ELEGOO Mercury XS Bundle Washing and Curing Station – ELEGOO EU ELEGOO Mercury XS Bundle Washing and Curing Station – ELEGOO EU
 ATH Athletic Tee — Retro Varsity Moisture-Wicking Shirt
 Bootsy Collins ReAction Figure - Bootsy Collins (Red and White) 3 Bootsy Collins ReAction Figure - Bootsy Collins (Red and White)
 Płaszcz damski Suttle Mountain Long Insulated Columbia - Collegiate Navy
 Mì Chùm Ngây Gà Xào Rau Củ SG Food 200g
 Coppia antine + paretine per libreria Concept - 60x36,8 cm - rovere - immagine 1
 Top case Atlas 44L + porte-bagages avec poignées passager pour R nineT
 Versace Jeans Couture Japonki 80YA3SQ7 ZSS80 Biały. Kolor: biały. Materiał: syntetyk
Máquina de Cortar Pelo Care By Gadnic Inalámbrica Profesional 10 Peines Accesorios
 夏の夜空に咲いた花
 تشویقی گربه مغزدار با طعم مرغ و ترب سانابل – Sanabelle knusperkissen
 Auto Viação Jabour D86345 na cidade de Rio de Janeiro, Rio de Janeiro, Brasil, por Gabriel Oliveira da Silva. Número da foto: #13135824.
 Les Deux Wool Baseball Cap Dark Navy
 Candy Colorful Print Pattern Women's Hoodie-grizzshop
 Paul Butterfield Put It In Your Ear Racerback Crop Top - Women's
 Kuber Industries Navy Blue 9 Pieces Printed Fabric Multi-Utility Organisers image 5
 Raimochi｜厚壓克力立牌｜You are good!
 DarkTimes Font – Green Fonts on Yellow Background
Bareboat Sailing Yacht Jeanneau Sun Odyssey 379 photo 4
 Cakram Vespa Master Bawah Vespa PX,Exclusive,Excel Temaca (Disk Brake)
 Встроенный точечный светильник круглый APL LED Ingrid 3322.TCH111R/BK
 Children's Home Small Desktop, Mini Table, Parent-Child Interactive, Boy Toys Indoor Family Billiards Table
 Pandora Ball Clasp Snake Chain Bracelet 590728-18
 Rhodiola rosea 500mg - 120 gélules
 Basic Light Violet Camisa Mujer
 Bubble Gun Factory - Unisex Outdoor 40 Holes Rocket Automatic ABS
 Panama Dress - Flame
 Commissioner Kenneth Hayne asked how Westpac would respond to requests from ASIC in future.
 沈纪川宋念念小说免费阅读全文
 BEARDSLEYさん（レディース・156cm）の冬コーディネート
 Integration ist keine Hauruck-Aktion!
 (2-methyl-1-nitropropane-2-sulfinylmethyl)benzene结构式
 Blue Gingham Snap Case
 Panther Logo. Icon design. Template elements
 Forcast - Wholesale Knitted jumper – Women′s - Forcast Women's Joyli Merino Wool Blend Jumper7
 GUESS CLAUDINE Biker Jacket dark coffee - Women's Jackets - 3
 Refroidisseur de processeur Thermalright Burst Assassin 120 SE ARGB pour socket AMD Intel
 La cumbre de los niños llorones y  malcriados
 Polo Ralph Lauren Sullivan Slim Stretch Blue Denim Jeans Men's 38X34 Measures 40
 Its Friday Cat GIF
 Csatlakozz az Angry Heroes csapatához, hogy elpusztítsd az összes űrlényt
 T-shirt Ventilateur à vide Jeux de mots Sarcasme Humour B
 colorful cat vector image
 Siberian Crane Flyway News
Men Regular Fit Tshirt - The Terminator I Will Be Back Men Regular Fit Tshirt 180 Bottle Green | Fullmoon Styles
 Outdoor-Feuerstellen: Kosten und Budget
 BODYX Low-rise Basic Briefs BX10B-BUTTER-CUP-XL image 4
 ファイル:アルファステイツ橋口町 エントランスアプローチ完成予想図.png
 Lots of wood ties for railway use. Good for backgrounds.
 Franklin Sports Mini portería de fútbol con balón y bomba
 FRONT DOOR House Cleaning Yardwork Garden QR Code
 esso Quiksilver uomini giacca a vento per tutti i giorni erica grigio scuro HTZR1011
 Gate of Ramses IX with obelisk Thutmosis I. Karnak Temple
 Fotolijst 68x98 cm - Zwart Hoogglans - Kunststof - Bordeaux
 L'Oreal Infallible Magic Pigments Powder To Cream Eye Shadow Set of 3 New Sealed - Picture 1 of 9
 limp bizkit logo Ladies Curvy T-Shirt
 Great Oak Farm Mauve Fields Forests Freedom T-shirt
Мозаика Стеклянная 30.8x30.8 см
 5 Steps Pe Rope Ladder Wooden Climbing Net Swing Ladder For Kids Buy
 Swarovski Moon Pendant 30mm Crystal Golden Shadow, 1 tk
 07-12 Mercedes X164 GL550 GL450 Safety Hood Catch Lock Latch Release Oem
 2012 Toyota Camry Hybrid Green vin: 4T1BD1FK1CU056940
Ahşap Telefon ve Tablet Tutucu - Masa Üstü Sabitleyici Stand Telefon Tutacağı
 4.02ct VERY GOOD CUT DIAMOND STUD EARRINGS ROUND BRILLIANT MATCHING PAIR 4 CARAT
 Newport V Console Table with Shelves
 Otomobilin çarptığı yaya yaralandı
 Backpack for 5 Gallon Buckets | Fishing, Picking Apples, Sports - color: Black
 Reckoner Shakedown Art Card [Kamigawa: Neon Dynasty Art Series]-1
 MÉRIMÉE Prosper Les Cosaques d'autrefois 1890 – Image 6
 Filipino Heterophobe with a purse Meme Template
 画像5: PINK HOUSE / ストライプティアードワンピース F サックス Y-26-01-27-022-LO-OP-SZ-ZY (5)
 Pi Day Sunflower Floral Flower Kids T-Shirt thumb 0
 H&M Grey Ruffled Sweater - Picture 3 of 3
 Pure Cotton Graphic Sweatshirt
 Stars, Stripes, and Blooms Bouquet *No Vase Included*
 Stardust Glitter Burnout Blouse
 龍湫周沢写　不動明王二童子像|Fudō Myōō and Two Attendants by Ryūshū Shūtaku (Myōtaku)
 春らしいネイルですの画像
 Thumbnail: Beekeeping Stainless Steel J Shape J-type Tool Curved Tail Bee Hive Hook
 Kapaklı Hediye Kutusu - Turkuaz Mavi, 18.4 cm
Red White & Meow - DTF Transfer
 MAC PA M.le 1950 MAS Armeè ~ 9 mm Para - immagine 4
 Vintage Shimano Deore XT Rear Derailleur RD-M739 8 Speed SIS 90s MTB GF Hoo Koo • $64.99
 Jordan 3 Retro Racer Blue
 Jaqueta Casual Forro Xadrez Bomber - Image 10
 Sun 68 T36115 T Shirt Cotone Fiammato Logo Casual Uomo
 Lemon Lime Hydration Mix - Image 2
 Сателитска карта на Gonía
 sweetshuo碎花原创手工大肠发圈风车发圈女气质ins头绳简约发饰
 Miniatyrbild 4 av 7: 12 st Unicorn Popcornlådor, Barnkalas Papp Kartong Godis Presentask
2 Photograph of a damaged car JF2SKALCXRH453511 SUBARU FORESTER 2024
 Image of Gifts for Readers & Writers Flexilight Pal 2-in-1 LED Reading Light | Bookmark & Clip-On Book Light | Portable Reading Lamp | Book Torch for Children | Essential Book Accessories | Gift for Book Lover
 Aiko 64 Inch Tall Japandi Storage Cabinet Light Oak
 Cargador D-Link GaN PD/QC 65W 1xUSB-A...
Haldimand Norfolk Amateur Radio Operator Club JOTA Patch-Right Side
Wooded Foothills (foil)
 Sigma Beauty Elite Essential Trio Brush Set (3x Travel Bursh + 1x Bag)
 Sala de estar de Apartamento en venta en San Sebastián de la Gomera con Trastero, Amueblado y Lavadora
· · · · ·
● **TASK REQUIREMENTS**: Reproduce, with both ends included, the lines from the one holding "Stars, Stripes, and" to the end of the records above.

● **EXERCISE RESULT**:
 Stars, Stripes, and Blooms Bouquet *No Vase Included*
 Stardust Glitter Burnout Blouse
 龍湫周沢写　不動明王二童子像|Fudō Myōō and Two Attendants by Ryūshū Shūtaku (Myōtaku)
 春らしいネイルですの画像
 Thumbnail: Beekeeping Stainless Steel J Shape J-type Tool Curved Tail Bee Hive Hook
 Kapaklı Hediye Kutusu - Turkuaz Mavi, 18.4 cm
Red White & Meow - DTF Transfer
 MAC PA M.le 1950 MAS Armeè ~ 9 mm Para - immagine 4
 Vintage Shimano Deore XT Rear Derailleur RD-M739 8 Speed SIS 90s MTB GF Hoo Koo • $64.99
 Jordan 3 Retro Racer Blue
 Jaqueta Casual Forro Xadrez Bomber - Image 10
 Sun 68 T36115 T Shirt Cotone Fiammato Logo Casual Uomo
 Lemon Lime Hydration Mix - Image 2
 Сателитска карта на Gonía
 sweetshuo碎花原创手工大肠发圈风车发圈女气质ins头绳简约发饰
 Miniatyrbild 4 av 7: 12 st Unicorn Popcornlådor, Barnkalas Papp Kartong Godis Presentask
2 Photograph of a damaged car JF2SKALCXRH453511 SUBARU FORESTER 2024
 Image of Gifts for Readers & Writers Flexilight Pal 2-in-1 LED Reading Light | Bookmark & Clip-On Book Light | Portable Reading Lamp | Book Torch for Children | Essential Book Accessories | Gift for Book Lover
 Aiko 64 Inch Tall Japandi Storage Cabinet Light Oak
 Cargador D-Link GaN PD/QC 65W 1xUSB-A...
Haldimand Norfolk Amateur Radio Operator Club JOTA Patch-Right Side
Wooded Foothills (foil)
 Sigma Beauty Elite Essential Trio Brush Set (3x Travel Bursh + 1x Bag)
 Sala de estar de Apartamento en venta en San Sebastián de la Gomera con Trastero, Amueblado y Lavadora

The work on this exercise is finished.